Since $$\dot{V}(x) = 0$$ for all $$x_1 = x_2$$, we need to check whether the origin is the only point where $$\dot{V}(x) = 0$$. It can be seen from the state equation that $$x_1 = x_2$$ can only happen at the origin, therefore the origin globally asymptotically stable.

It is not clear to me how from the state equation that $$x_1 = x_2$$ can only happen at the origin. Any suggestions!

Hint.

Making

$$\cases{ x_1\dot x_1 = x_1 x_2\\ x_2\dot x_2 = -x_1^2-x_2^2+x_1x_2 }$$

after subtracting we have

$$\frac 12(x_2^2-x_1^2)' = \frac 12((x_2+x_1)(x_2-x_1))'=-(x_1^2+x_2^2) < 0,\ \ \forall (x_1,x_2) \ne (0,0)$$

• "after subtracting" could you please illustrate this?

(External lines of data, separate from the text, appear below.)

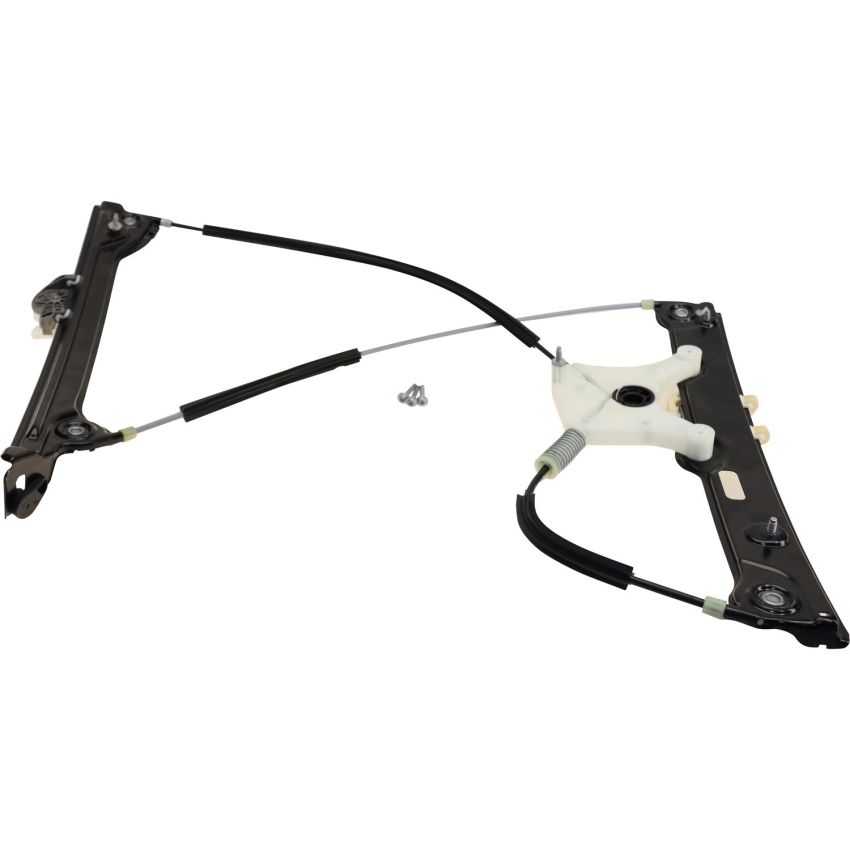Genuine OEM Window Regulator 51337223651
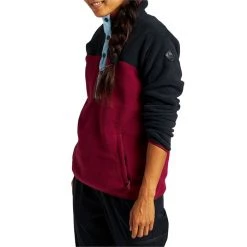Burton Hearth Pullover - Women's 14 Burton Hearth Pullover - Women's -Burton Sales 2022 burton hearth pullover women s 4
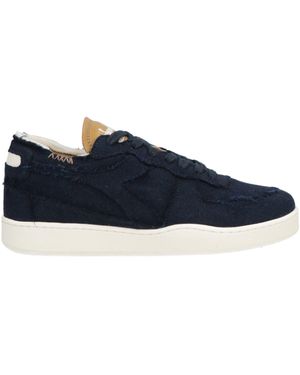 Diadora Trainers - Blue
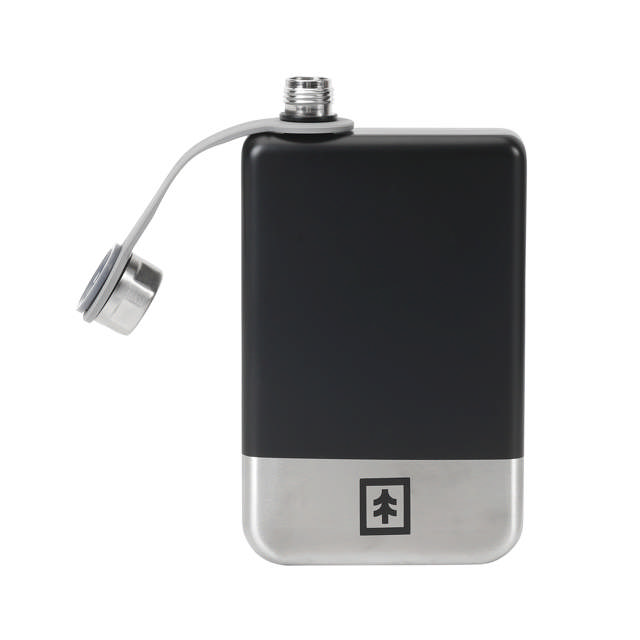 Stilvoll, lommelærke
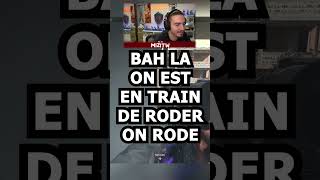 Le chat de proximité est incroyable sur Warzone 2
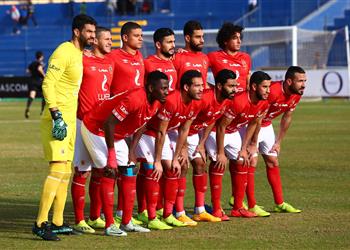الفحص الطبي يحسم موقف ثنائي الأهلي من مواجهة الزمالك في الدوري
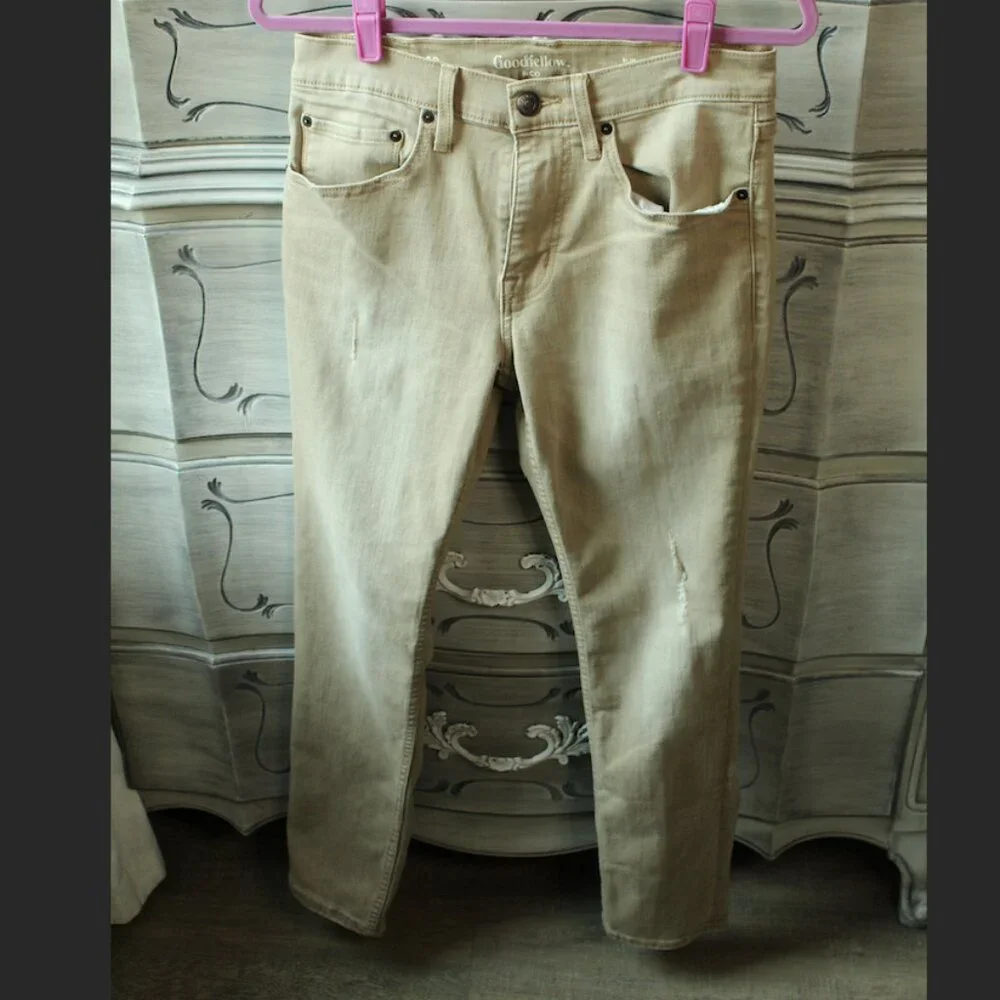 Goodfellow & Co Jeans - Picture 2 of 8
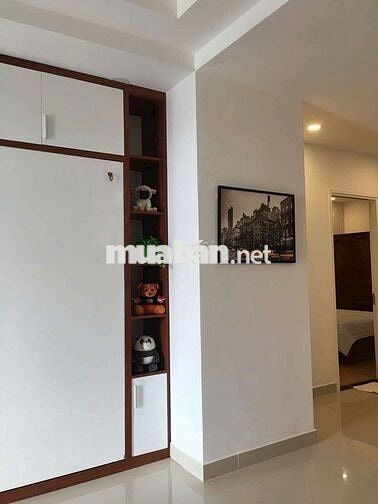 Cho thuê căn hộ Melody 1PN 59m2 full nội thất view biển trực diện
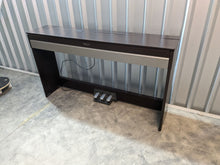 Load image into Gallery viewer, Yamaha Arius YDP-S31 Digital Piano Slimline space saver stock number 24008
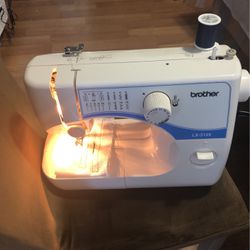 Brother Sewing Machine $45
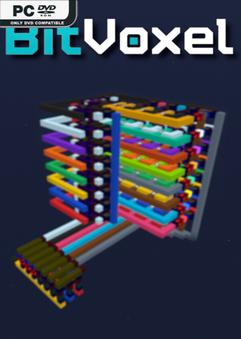 BitVoxel Build 23941844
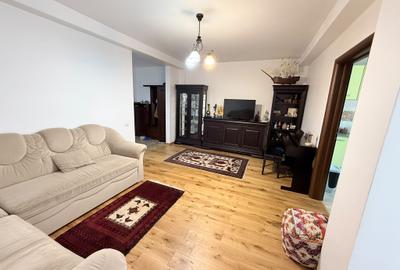 Duplex cu 4 camere în Prelungirea Ghencea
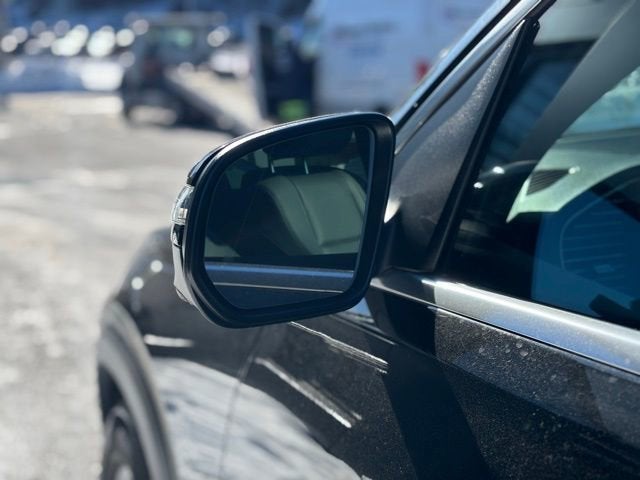 2025 Mercedes-Benz GLE GLE 350 4MATIC®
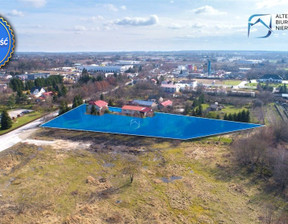 Działka na sprzedaż, Lublin M. Lublin Tatary Łagiewnicka, 1 880 000 zł, 6200 m2, LER-GS-2605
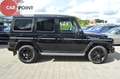 Mercedes-Benz G 350 d *Luftfahrwerk*Kam*Navi*S-Dach*StHz*Memory Schwarz - thumbnail 6
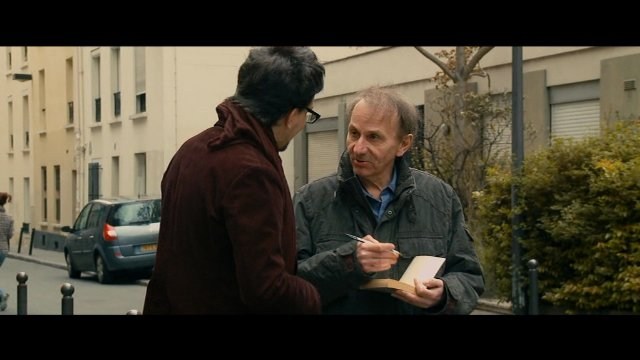 Foto de EL SECUESTRO DE MICHEL HOUELLEBECQ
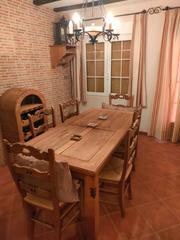 Xalet en Calle rosalia de castro 5. Espectacular vivienda en venta.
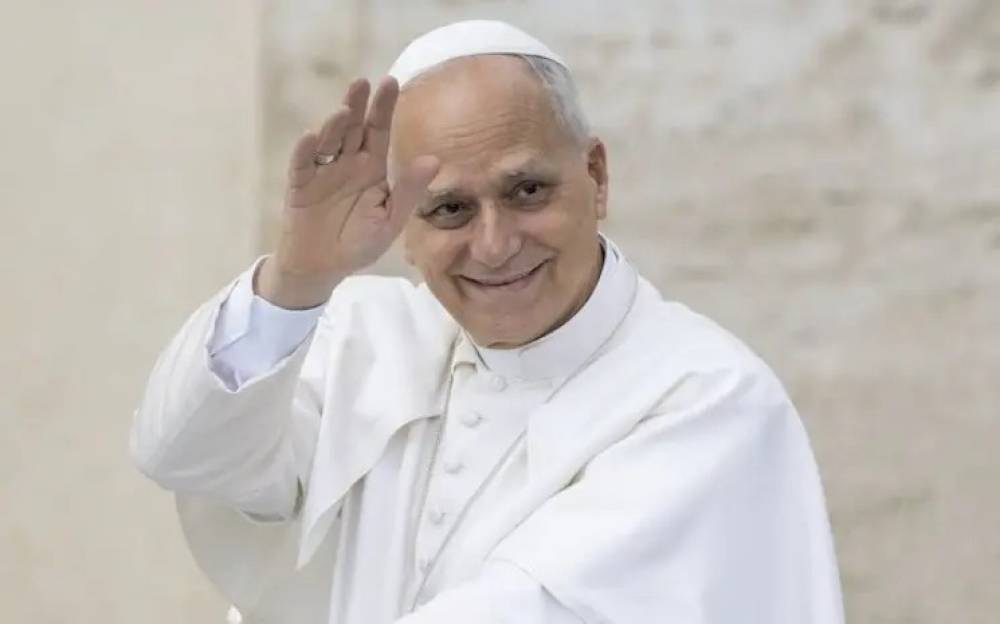 TOURNEE AFRICAINE DU PAPE LEON XIV : UNE VISITE HISTORIQUE EN ALGERIE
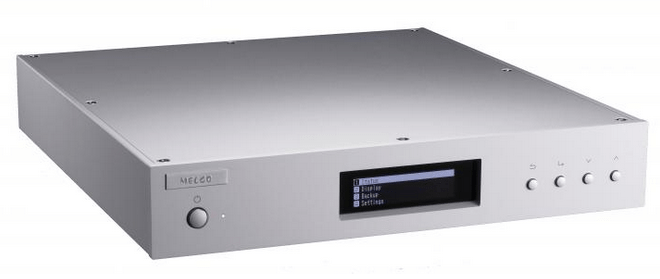 Melco N1zh60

Also, how did you come up with this term $\frac{1}{2}(x^2_2-x^2_1)'$. Commented Aug 16, 2019 at 9:00
• @CroCo $a - b$ is a subtraction and $\frac 12(x_2^2-x_1^2)' = x_2\dot x_2-x_1\dot x_1$ Commented Aug 16, 2019 at 9:35

I think that what the author states is badly worded. Namely I am assuming that the author is referring to LaSalle's invariance principle, which roughly states that when $$\dot{V}(x)=0$$ it won't remain zero unless $$x=0$$ this shows asymptotic stability. This can be done in your case by checking the dynamics at $$x_1=x_2$$ which allows us to simplify $$\dot{x}_2$$ to

$$\dot{x}_2 = -x_1.$$

Combining this with $$\dot{x}_1 = x_2$$ allows us to show that the system won't remain on the manifold $$x_1=x_2$$ unless $$x_1=x_2=0$$. This won't mean that the system will never have that $$x_1=x_2\neq0$$, but it does show that the system won't remain at that manifold.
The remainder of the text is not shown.